▸ **WHAT TO DO**: The expected output is the full set of entries, retyped verbatim, pictures excluded.

▸ **DATA RECORDS**:

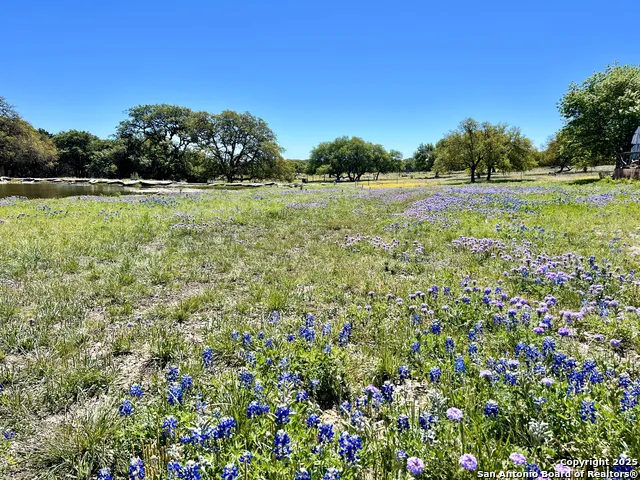 163 Northridge Dr Mountain Home, TX 78058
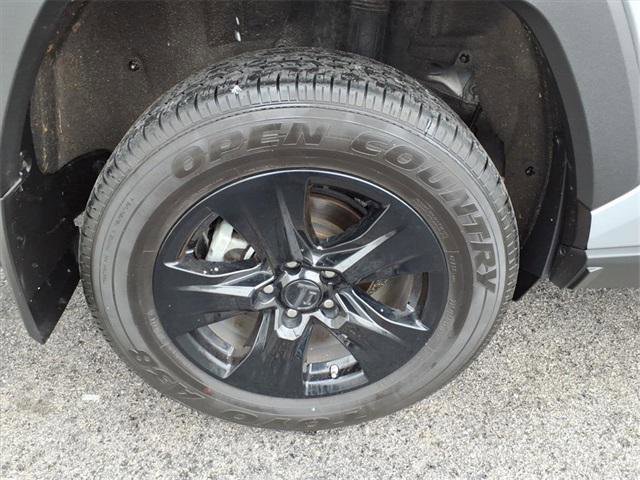 Certified 2024 Toyota RAV4 LE image 26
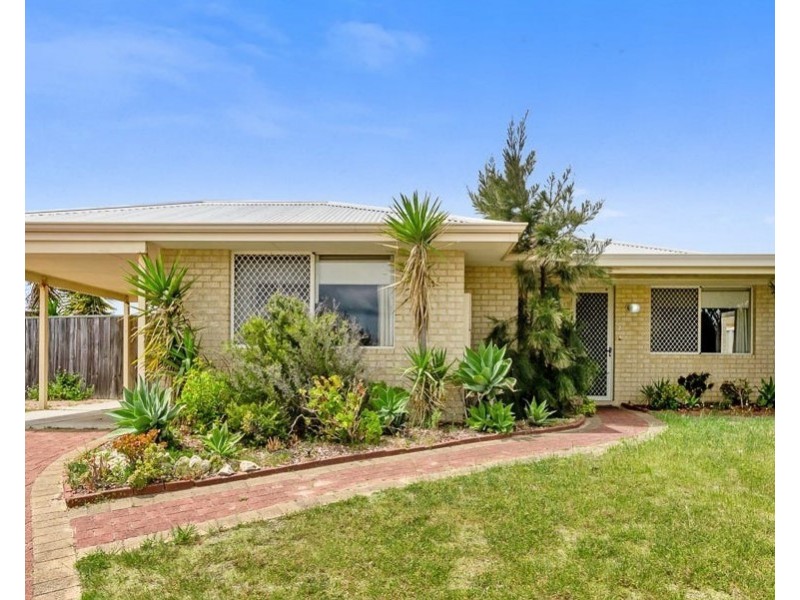 2 Christian Circle, Quinns Rocks WA 6030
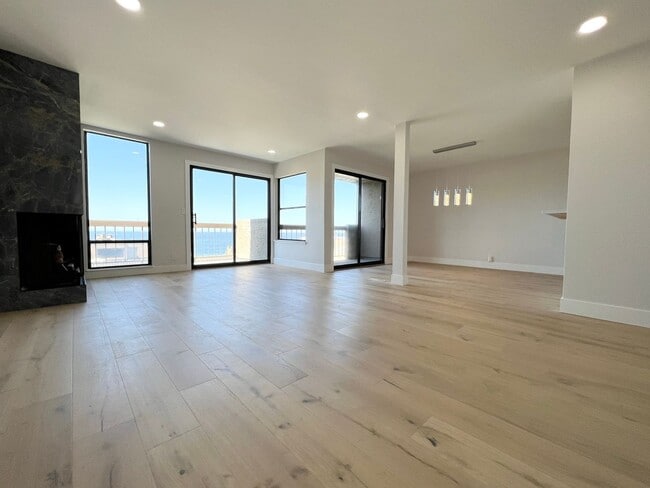 Building Photo - Beautifully Remodeled Condo with OCEAN VIE...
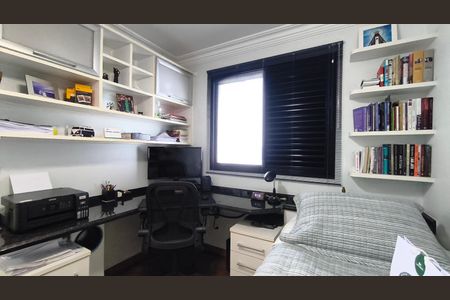 Apartamento à venda com 129m², 3 quartos e 4 vagas Apartamento à venda com 129m², 3 quartos e 4 vagasSuíte 2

▸ **REPLY**:
 163 Northridge Dr Mountain Home, TX 78058
 Certified 2024 Toyota RAV4 LE image 26
 2 Christian Circle, Quinns Rocks WA 6030
 Building Photo - Beautifully Remodeled Condo with OCEAN VIE...
 Apartamento à venda com 129m², 3 quartos e 4 vagas Apartamento à venda com 129m², 3 quartos e 4 vagasSuíte 2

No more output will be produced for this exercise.